Weavering Capital's Downfall: A novel idea - trade with yourself

MARCH 23, 2009

The liquidation of Weavering Capital was recently announced. Weavering is a small but established British hedge fund manager which was established in 1988. The $639 million London based hedge fund has called in PricewaterhouseCoopers to liquidate the fund.

Weavering is likely going to be investigated by the UK's Serious Fraud Office,which is part of the criminal justice system, as well as UK regulators including the Financial Services Authority.

It is rumored that Weavering's downfall was a series of interest-rate swap deals between Weavering in the Cayman Islands and a British Virgin Islands based company which just so happened to be controlled by Weaving's chief executive, Magnus Peterson, the former head of trading for Skandinaviska Enskilda Banken (SEB), a Swedish bank.

PwC said it had been told the BVI company’s assets were $10m of cash and $40m of private equity positions.
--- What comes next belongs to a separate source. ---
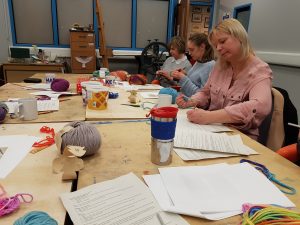students attending a crochet for beginners with Debbie Tomkies of dt craft and design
It is unclear who the directors of the BVI company are, but PwC said on Thursday night that Mr. Peterson had told them he controlled it.

Mr. Peterson, his wife Amanda, James Stewart (a frequent TV commentator) and Chas Dabhia (Chief Operating Officer) were on the board of the UK company. Mr. Peterson’s stepfather and brother were directors of the Cayman fund revealed as the counterparty to the trades. The Mayfair (a UK hedge fund center) based fund’s research director is James Stewart, an economic commentator who has made regular television appearances.

As the Madoff scandal has demonstrated in abundantly clear detail the presence of a significant amount of family members, be they on the board of a hedge fund, or actually working on a daily basis at a hedge fund organization should raise a significant red flag during the due diligence process. This is not to say that the presence of any such family relationship should preclude in and of itself investing in an organization such as Weavering, but it should heighten levels of scrutiny of other things such as independence. A second, often-overlooked issue, during the hedge fund operational due diligence process is thoroughly investigating affiliated and/or related entities as well as their board members. In this case many, investors clearly missed this step.

The primary problem in Weavering's case was that the main counterparty in the interest-rate swap was essentially controlled by itself (despite the legal fiction of different entities in different jurisdictions). It seems that once the firm was hit with a wave a redemption requests all at once, Weavering notified investors that it was "urgently" investigating the position. It should have been a fairly short investigation - since it was looking into itself.